Why do I loose the value of cell
in the inner loop?
EDIT
Code in github and test files is compiled with;
gcc parse_csv.cpp -o parse_csv -lboost_filesystem -lmysqlpp
and executed with
./parse_csv /home/dave/SO_Q/
I get this output;
Process File: /home/dave/SO_Q/test_2.csv
metTime
metTime=metTime MATCH
Ta
=metTime
=Ta
=Ua
=Th
Process File: /home/dave/SO_Q/test_1.csv
DATE_TIME_UTC
DATE_TIME_UTC=metTime
DATE_TIME_UTC=Ta
DATE_TIME_UTC=Ua
DATE_TIME_UTC=Th
Ta
Ta=metTime
Ta=Ta MATCH
metTime
=metTime
=TaTime
=UaTime
=ThTime
The problem was with the input for the header line. This contained a line break at the end which wasn't matching the items in the array. Removing the line break fixed the problem.

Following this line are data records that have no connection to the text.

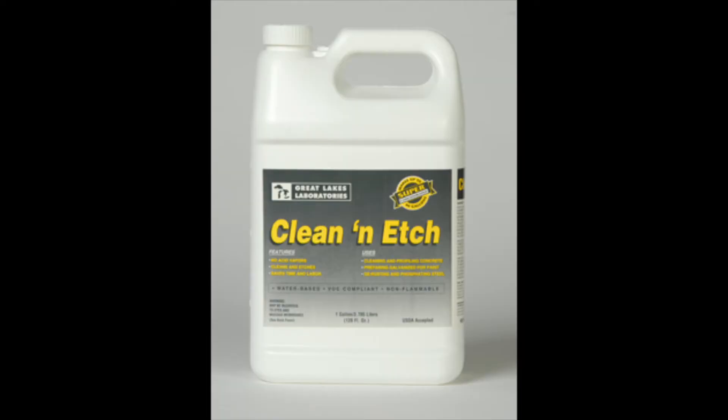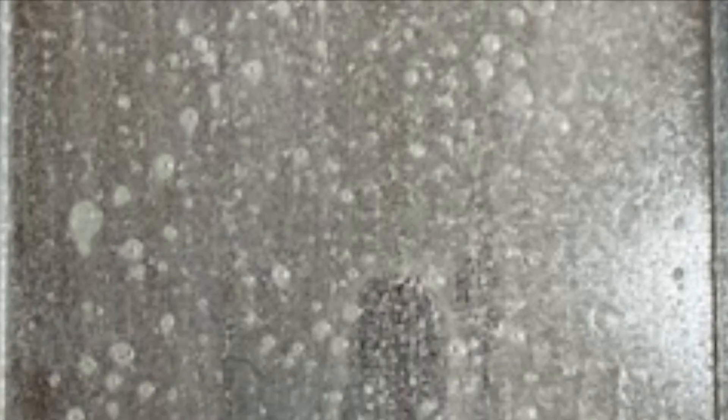Clean and Etch does chemically what the synthetic abrasive pad does mechanically. To prep a galvanized surface, apply a one-part Clean and Etch to two-part water solution using a low pressure spray. Wait 20 minutes, then rinse with water.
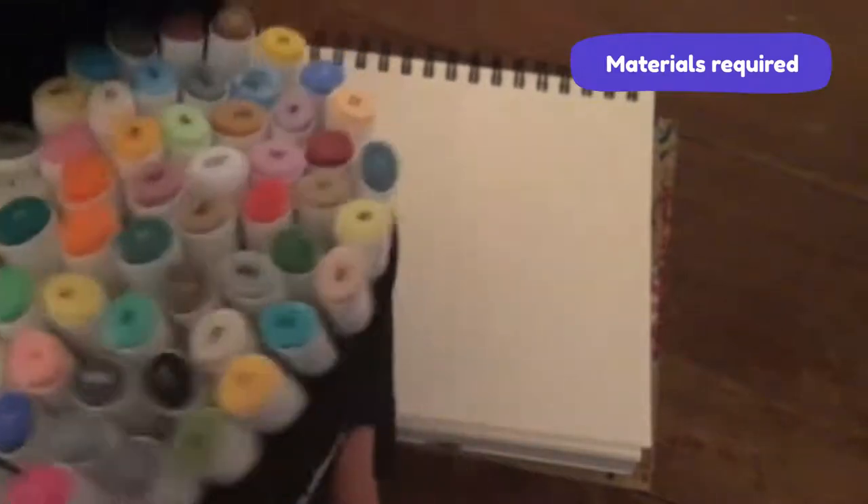You'll need a sketchbook or paper - I'm using a mixed-media sketchpad because the paper is thicker. If you're drawing with markers, you'll also need a pencil, an eraser, and a pen for inking - I'm using a Micron. For coloring, I'm using Ohuhu markers (you can use Copics or whatever), and I've also got a set of little tiny colored pencils.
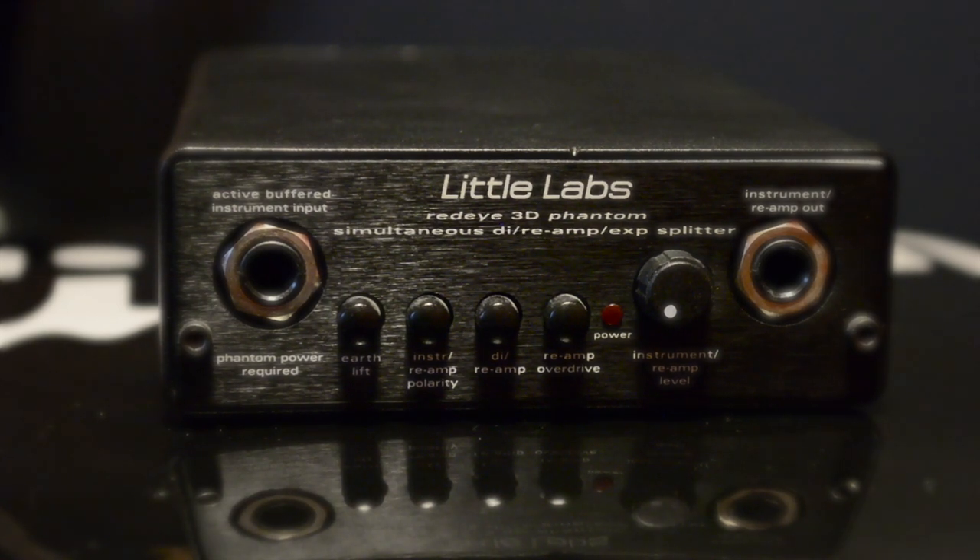You then have the instrument reamp polarity switch. This is basically a phase switch, but it's recommended you only use it when hooking other units up through the expansion ports on the back. Then you have the DI reamp switch, which switches the functionality of the unit to be either a DI or a reamper.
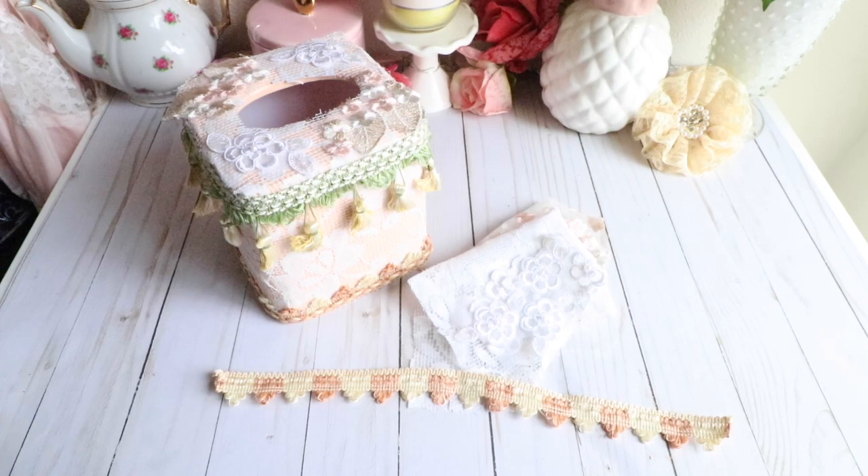Hi everybody, it's Juliana and today I'm here to share with you guys a design team project that I created for Flair by Me, and I'm really super excited.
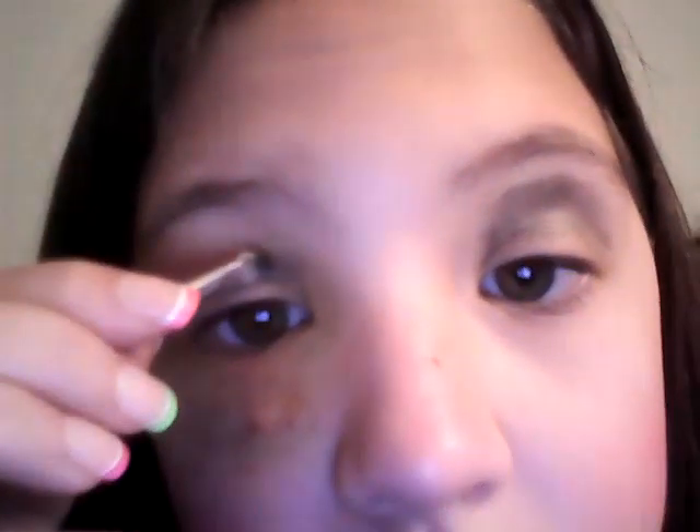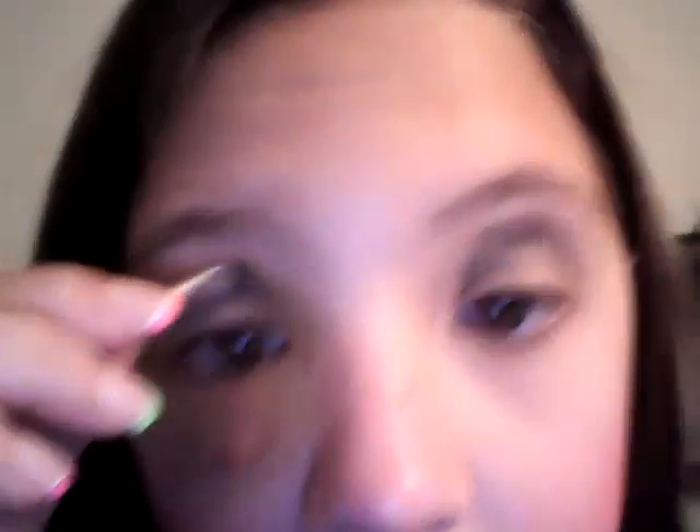Now I'm going to do a repeat on the other eye, which you don't have to shut your eye for this part. But if you're one of those people that prefer to shut your eye when you do eye makeup, then do that — whatever helps you not mess up. I'm not the best at doing makeup, but push it up.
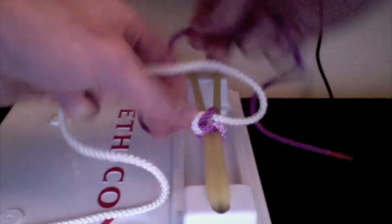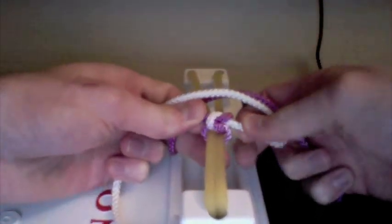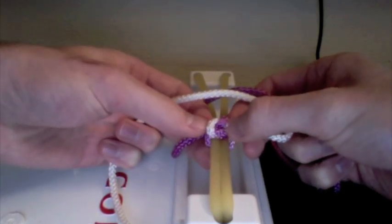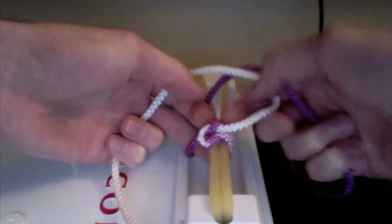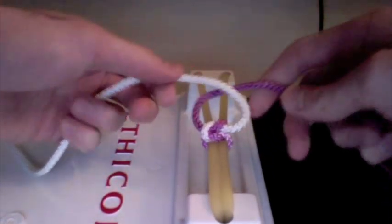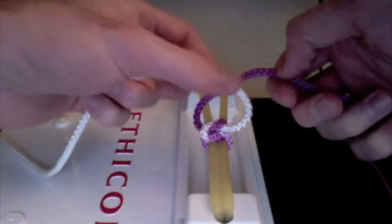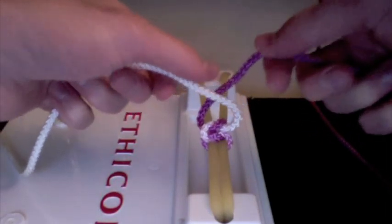You'll notice that this looks like a nice little square knot. To make sure you're doing this right, you should have a white loop here with two purple strands coming out, and a purple loop right here with two white strands coming out. Now that we've uncrossed our hands and tied that knot nice and tight, we have the same setup: white going left, purple going right, and the white strand coming closer to us across the purple strand which is farther away.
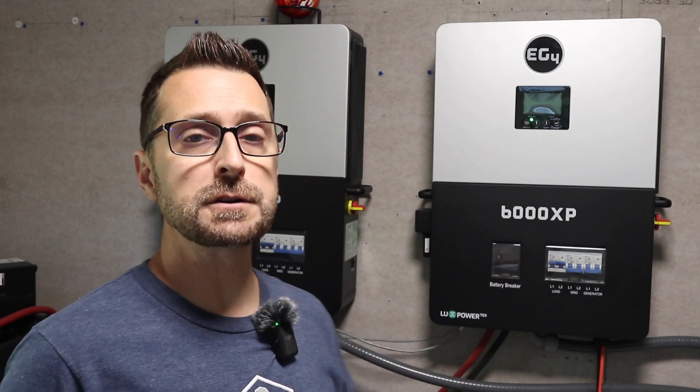Hello and welcome to our homestead and to our channel. We're going to be doing two things in today's video: talking about how our EG4 6000 XP inverters have performed over this last year, and doing a full load test on two of them. Let's put these to the full test and see what they can handle.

I was working on a Windows PC and then transferring the file to a Cent OS machine for running the code and the difference in the line endings between the two platforms is what caused the issue.
Using this as a debug statement cout << cell
would show the string and ignore the line break. Using something like cout << cell << " CELL"
didn't show the string because of the line break.
I have now added this in my code to catch the difference in line breaks
// remove possible windows line ending so last item matches
if(header_row[header_row.length()-1] == '\r') {
header_row.erase(header_row.size()-1);
}